I totally agree with Chadwick on that one getting your foot in the door scmoozing is a good way to make inroads. By the way bro where did you eat in NYC I am going there tommorow to check out Kumps and FCI.


----------



## svadhisthana (May 6, 2001)

Good Luck Danielle, I'm keeping my fingers crossed that you find something soon.


----------



## anneke (Jan 5, 2001)

Hi Danielle! Good to hear from you! Looks like once again you and I are in the same shoes... How long is your internship? Mine is going to last a couple of years so I have to choose wisely... I'm leaning towards the hotel side myself just to be able to get as much variety as possible.

Hope you find your thing and love it!


----------



## cape chef (Jul 31, 2000)

Hi Danielle!!!

It's great to hear you are doing so well.

If I had you and Anneke as interns I think we could rule the world 

If it helps at all I would say to lean towards a well regarded hotel, I say that because unlike restaurants you could be able to go through a "Commis" type of program.believe it or not,the better hotels of the world are doing some outstanding stuff.If you go to a restaurant you possibly could be religated to only one or two things and you could also find yourself doing all the grunk work.

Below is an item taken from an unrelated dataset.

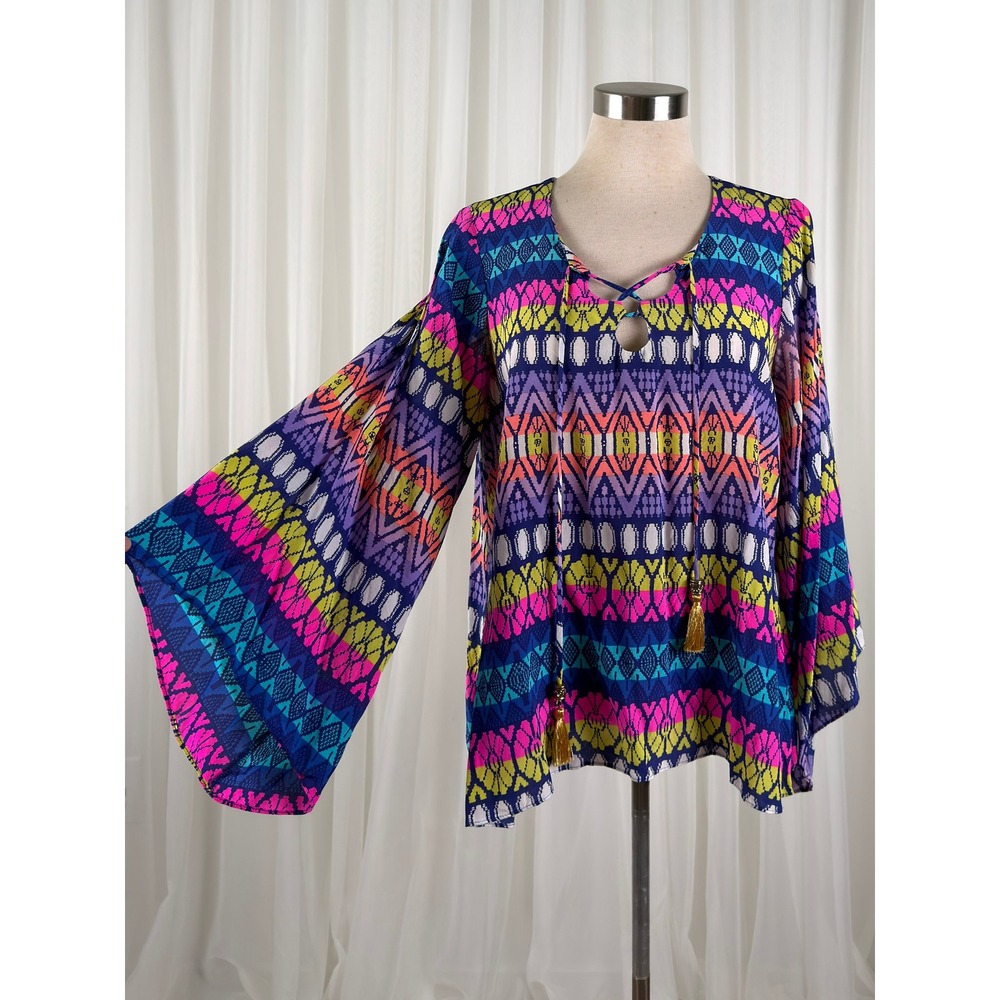 Alice & Trixie Geometric Print Bell Sleeve Boho Blouse Womens Silk Size M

Keep us posted and good luck
cc


----------



## chadwic (Jun 14, 2001)

holydiver, we went to a new place called "Craft", the chef there was the chef at (garmacy tavern????) the same place as claudia flemming, and bouley bakery a cool place to chill is Baltazar, if you can check them out and tell me about your trip


----------



## chefteldanielle (Dec 2, 2000)

Thank you all. Yes Chadwick I agree.
I am networking in school actually and my chef of the last 2 weeks is very impressed with me. she has threatened to flunk me so that I could do her class again.
She is connected to alot of chefs in the Portland area and Iam sure she will set me up accordingly.
Cape chef.. I saw your pictures.. are you ever handsome..
o la la.
Anyway keep those suggestions coming.. Do you think I need to go to a french restaurant.. since Iam coming from ma french school?There are just so many choices..
Thanx in advance..
Oh Cape chef tell me about your restaurant.
Maybe I'll come see you.
Danielle


----------